It will become illegal in July to sell bulletproof vests to most civilians in New York after the governor signed into law a package of “gun safety measures” in the wake of the mass shooting at a supermarket in Buffalo in May.
Gov. Kathy Hochul (D-N.Y.) signed state Senate Bill 9407B on June 6 making the purchase of a bulletproof body vest a class A misdemeanor for first-time offenders and a class E felony thereafter.
The only exceptions to the law will be for those “engaged or employed in an eligible profession” such as police officers, peace officers, military personnel, and professions designated by the Department of State.
Republican state Sen. George Borrello of the 57th senate district, who voted against the package of bills, said the fast-tracked process meant lawmakers didn’t hear from a broader subsection of New Yorkers in professions that sometimes require body armor.
“Everything was rushed at the end of session for political reasons and leaving this for rules to be promulgated by the Department of State as to who and who cannot get them is going to become very political,” he told local media Spectrum News 1.
“I spoke to a group of doctors that actually show up in situations in questionable neighborhoods that want body armor for them to purchase,” he added. “What about the taxi driver? What about a guy that works at a convenience store overnight?”
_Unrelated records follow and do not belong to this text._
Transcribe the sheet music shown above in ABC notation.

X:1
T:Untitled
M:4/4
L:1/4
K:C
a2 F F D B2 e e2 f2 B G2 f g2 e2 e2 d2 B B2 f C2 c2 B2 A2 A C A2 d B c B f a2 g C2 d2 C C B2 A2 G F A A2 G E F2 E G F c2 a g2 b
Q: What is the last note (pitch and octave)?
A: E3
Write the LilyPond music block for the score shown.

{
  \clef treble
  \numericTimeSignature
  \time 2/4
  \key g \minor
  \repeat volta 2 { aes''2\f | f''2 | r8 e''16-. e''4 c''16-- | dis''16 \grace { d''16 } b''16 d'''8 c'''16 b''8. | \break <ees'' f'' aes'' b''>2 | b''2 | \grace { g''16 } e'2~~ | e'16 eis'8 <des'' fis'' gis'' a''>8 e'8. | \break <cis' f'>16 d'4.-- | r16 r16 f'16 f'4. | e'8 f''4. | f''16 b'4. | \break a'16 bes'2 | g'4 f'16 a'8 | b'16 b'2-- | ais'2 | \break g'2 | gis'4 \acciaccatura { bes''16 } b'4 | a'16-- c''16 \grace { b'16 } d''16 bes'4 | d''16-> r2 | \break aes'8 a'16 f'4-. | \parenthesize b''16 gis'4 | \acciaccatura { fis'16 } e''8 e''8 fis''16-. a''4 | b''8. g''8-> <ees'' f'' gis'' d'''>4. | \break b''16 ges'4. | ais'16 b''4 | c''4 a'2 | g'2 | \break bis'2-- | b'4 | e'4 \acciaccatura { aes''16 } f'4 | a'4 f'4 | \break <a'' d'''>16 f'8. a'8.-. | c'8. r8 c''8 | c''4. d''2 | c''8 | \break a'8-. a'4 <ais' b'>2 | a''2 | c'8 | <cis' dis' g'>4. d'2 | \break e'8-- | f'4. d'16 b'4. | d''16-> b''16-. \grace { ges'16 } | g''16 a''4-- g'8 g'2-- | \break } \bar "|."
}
Democrat state Sen. Sean Ryan said when the bill passed that New York lawmakers were taking action because “the federal government refuse to act.”
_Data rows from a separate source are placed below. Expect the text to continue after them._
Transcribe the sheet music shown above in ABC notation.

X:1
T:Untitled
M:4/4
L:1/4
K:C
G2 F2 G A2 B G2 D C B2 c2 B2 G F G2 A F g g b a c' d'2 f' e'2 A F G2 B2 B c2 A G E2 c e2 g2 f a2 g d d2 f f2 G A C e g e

The piece of legislation was part of a package of 10 “gun safety measures” New York state lawmakers pushed through their legislature after mass shootings at a Tops supermarket in Buffalo and an elementary school in Uvalde, Texas.
“I don’t know anybody who wears body armor unless they’re in law enforcement or security, so there’s been a proliferation of sales, but I’ve never met anybody who walks around with body armor on,” Ryan told Spectrum News 1.
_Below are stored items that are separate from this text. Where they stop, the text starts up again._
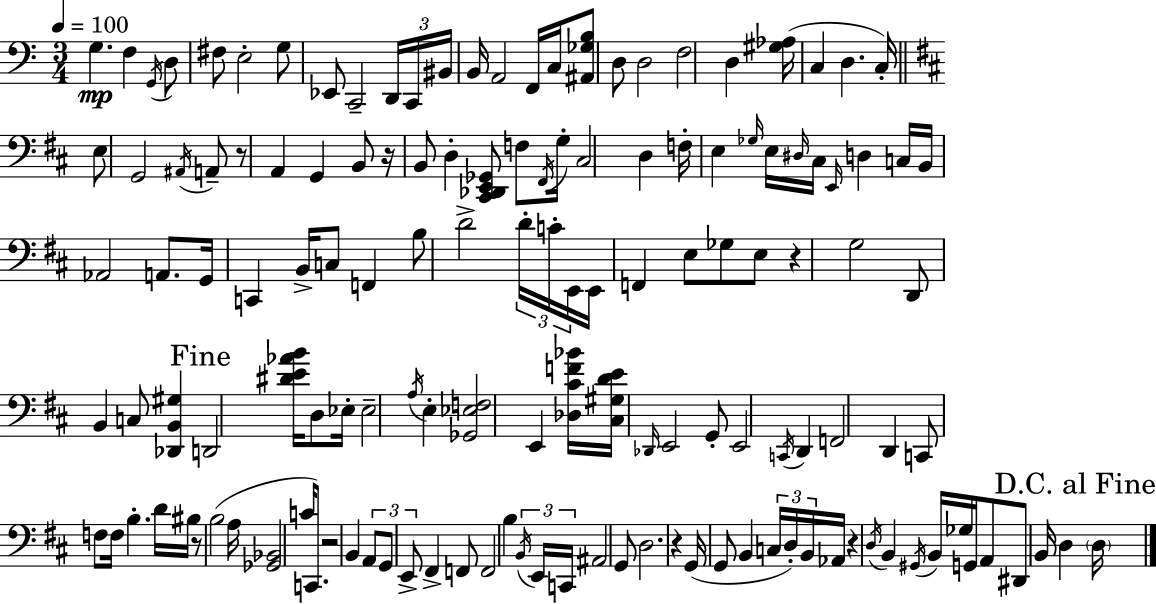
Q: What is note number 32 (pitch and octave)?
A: D3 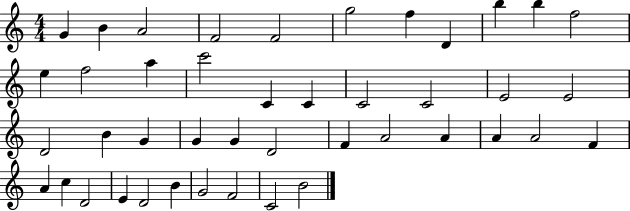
{
  \clef treble
  \numericTimeSignature
  \time 4/4
  \key c \major
  g'4 b'4 a'2 | f'2 f'2 | g''2 f''4 d'4 | b''4 b''4 f''2 | \break e''4 f''2 a''4 | c'''2 c'4 c'4 | c'2 c'2 | e'2 e'2 | \break d'2 b'4 g'4 | g'4 g'4 d'2 | f'4 a'2 a'4 | a'4 a'2 f'4 | \break a'4 c''4 d'2 | e'4 d'2 b'4 | g'2 f'2 | c'2 b'2 | \break \bar "|."
} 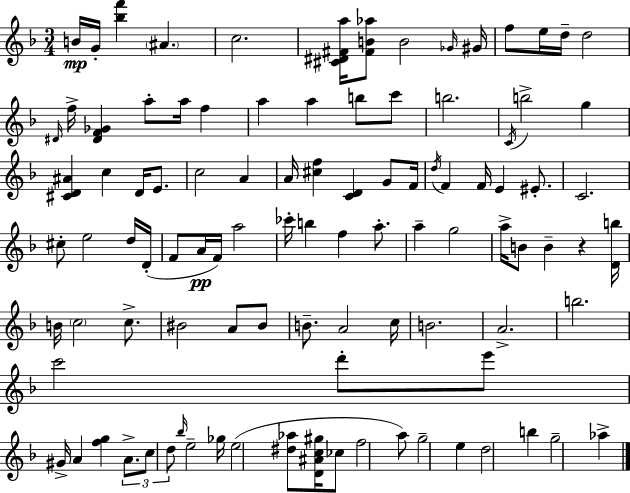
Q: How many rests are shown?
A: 1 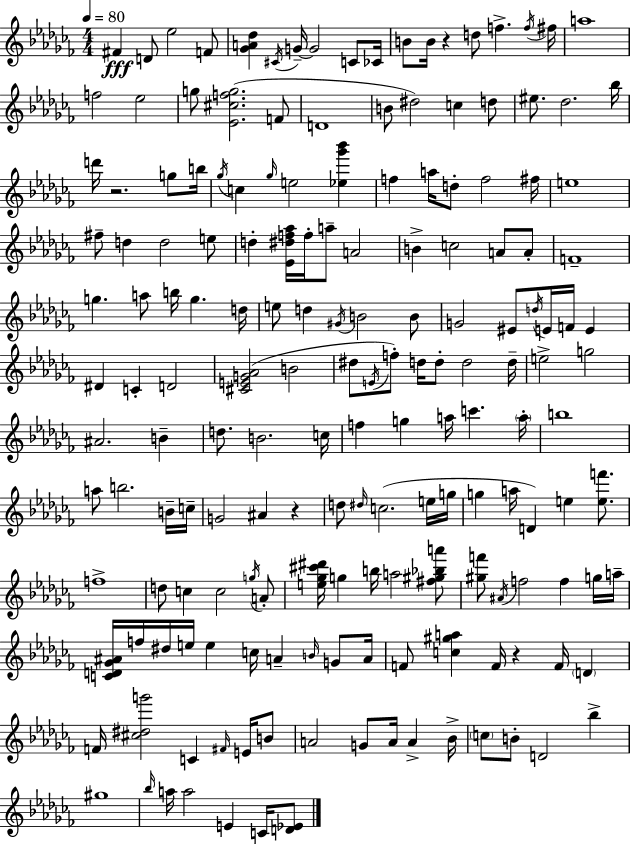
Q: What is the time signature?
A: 4/4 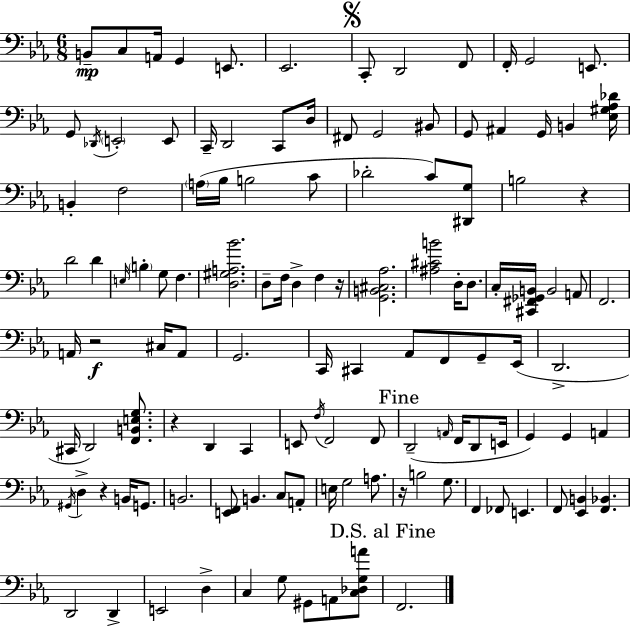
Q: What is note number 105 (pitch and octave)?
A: F2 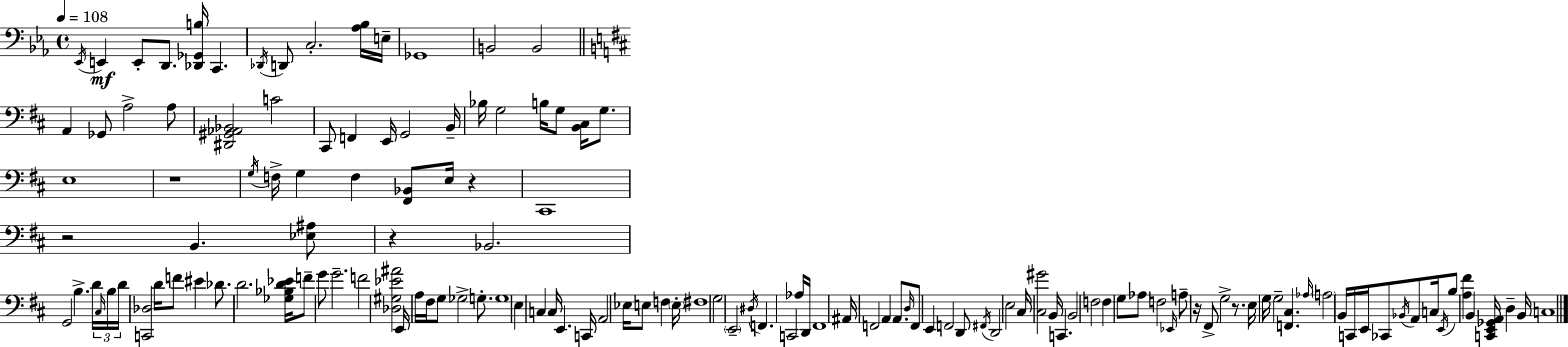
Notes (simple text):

Eb2/s E2/q E2/e D2/e. [Db2,Gb2,B3]/s C2/q. Db2/s D2/e C3/h. [Ab3,Bb3]/s E3/s Gb2/w B2/h B2/h A2/q Gb2/e A3/h A3/e [D#2,G#2,Ab2,Bb2]/h C4/h C#2/e F2/q E2/s G2/h B2/s Bb3/s G3/h B3/s G3/e [B2,C#3]/s G3/e. E3/w R/w G3/s F3/s G3/q F3/q [F#2,Bb2]/e E3/s R/q C#2/w R/h B2/q. [Eb3,A#3]/e R/q Bb2/h. G2/h B3/q. D4/s C#3/s B3/s D4/s [C2,Db3]/h D4/s F4/e EIS4/q Db4/e. D4/h. [Gb3,Bb3,D4,Eb4]/s F4/e G4/e G4/h. F4/h [Db3,G#3,Eb4,A#4]/h E2/s A3/s F#3/s G3/e Gb3/h G3/e. G3/w E3/q C3/q C3/s E2/q. C2/s A2/h Eb3/s E3/e F3/q E3/s F#3/w G3/h E2/h D#3/s F2/q. C2/h Ab3/s D2/s F#2/w A#2/s F2/h A2/q A2/e. D3/s F2/e E2/q F2/h D2/e F#2/s D2/h E3/h C#3/s [C#3,G#4]/h B2/s C2/q. B2/h F3/h F3/q G3/e Ab3/e F3/h Eb2/s A3/e R/s F#2/e G3/h R/e. E3/s G3/s G3/h [F2,C#3]/q. Ab3/s A3/h B2/s C2/s E2/s CES2/e Bb2/s A2/e C3/s E2/s B3/e [A3,F#4]/q B2/q [C2,E2,Gb2,A2]/s D3/q B2/s C3/w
Body armor worn by the Tops supermarket gunman who killed 10 people on May 14 has been cited by police as the reason a retired Buffalo officer working security on site was unable to stop the suspect.
Ryan pointed to this while disputing a common argument that “good guys” with guns can stop “the bad guy with the gun.”
“But in this case, the bad guy with the gun had body armor on and the retired police officer, Officer [Aaron] Salter, could not stop him,” Ryan said.
“Why the heck are we selling body armor to civilians that have nothing to do with public safety?” he added.